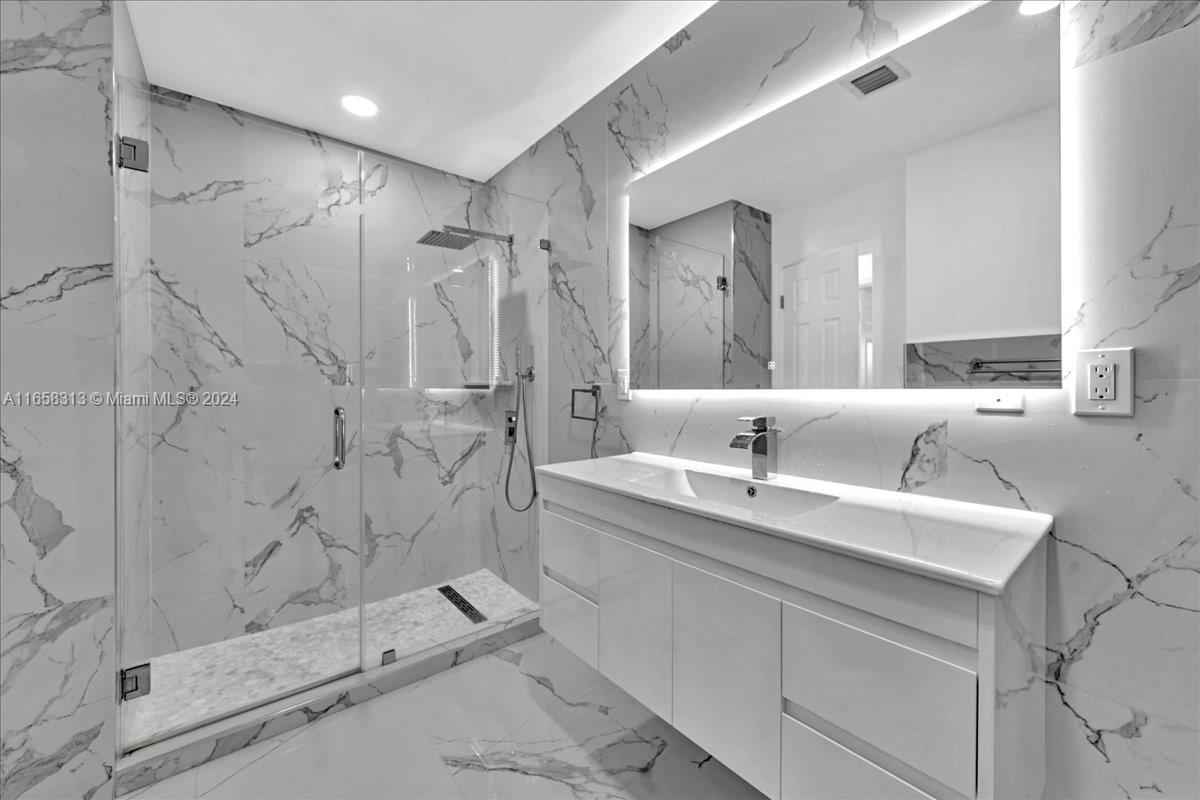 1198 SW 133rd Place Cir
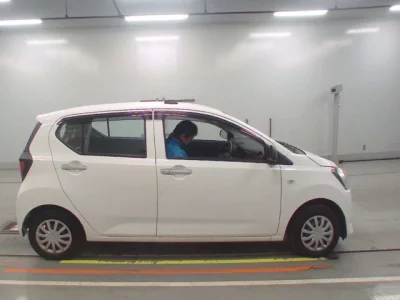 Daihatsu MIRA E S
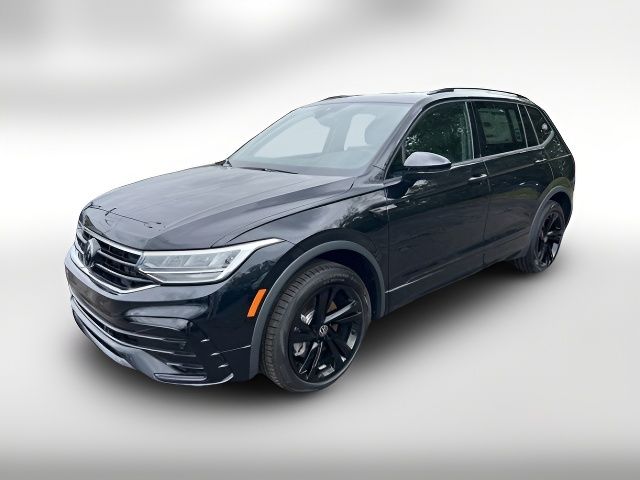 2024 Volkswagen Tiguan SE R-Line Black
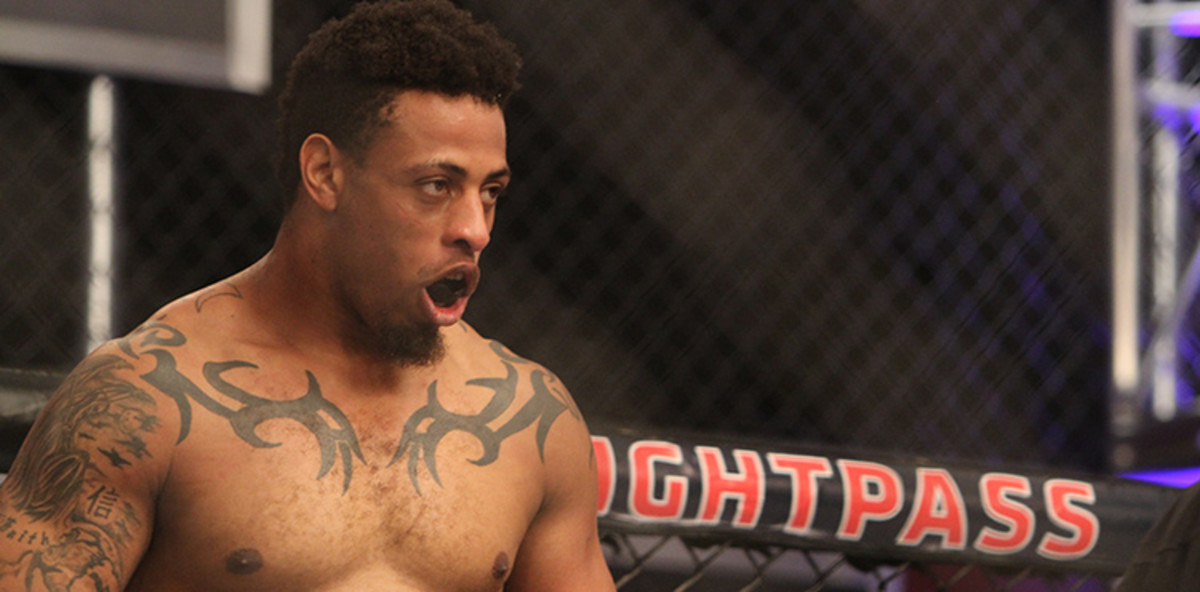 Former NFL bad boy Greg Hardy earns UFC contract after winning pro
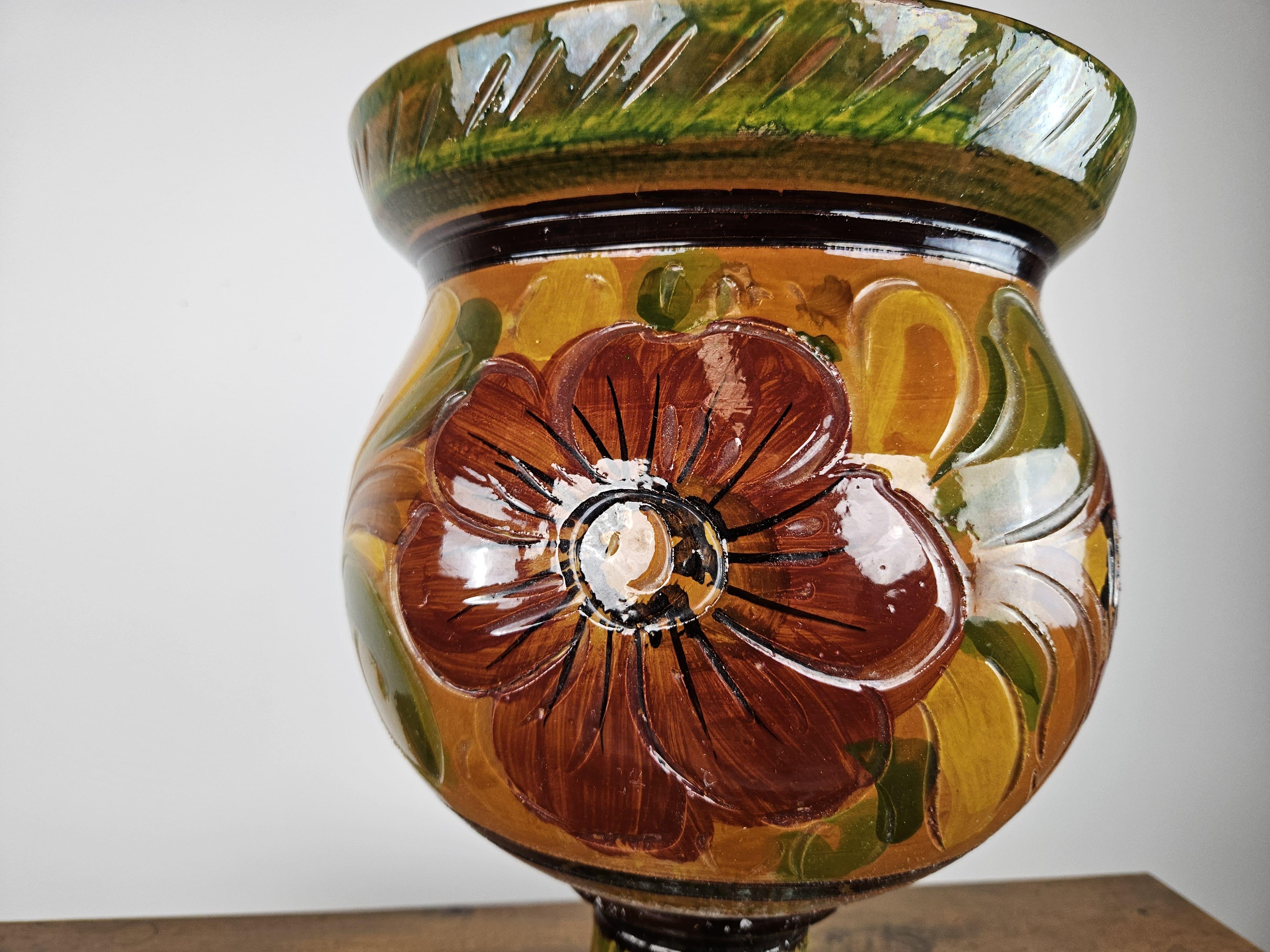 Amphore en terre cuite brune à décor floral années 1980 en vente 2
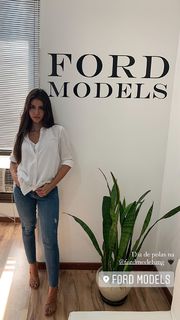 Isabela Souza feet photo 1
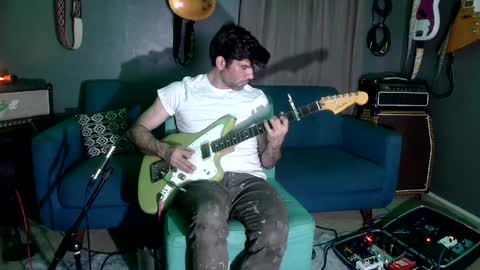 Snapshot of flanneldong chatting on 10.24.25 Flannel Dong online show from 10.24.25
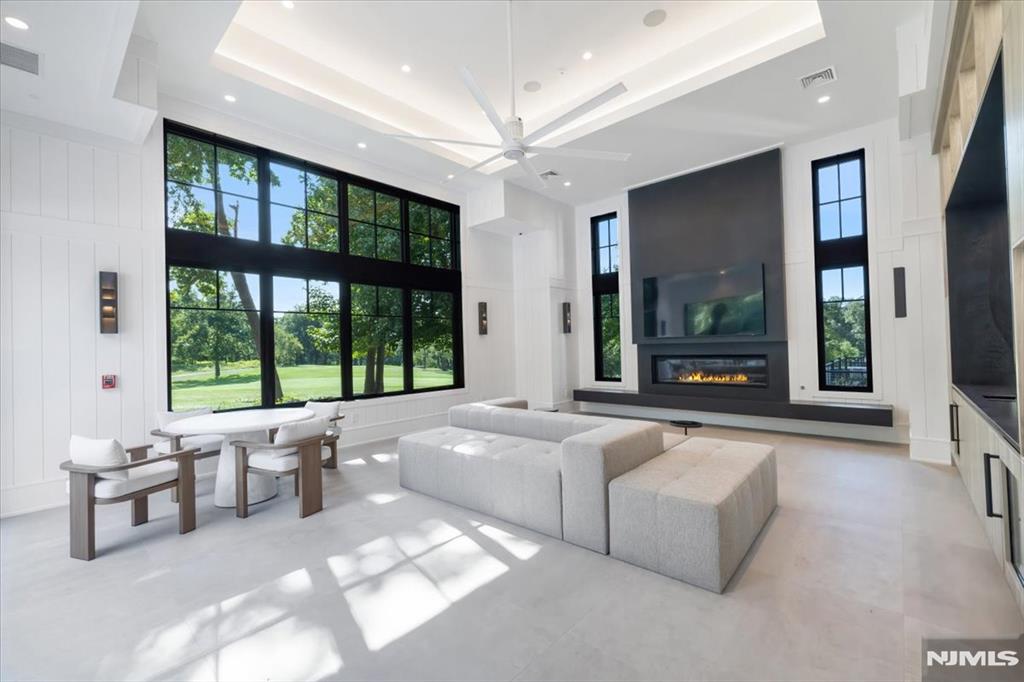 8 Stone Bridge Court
___
GOAL OF THE EXERCISE
From the line containing "Daihatsu MIRA E S" to the last line of the listing above, transcribe each line exactly, skipping the pictures.

OUTPUT OF THE EXERCISE
 Daihatsu MIRA E S
 2024 Volkswagen Tiguan SE R-Line Black
 Former NFL bad boy Greg Hardy earns UFC contract after winning pro
 Amphore en terre cuite brune à décor floral années 1980 en vente 2
 Isabela Souza feet photo 1
 Snapshot of flanneldong chatting on 10.24.25 Flannel Dong online show from 10.24.25
 8 Stone Bridge Court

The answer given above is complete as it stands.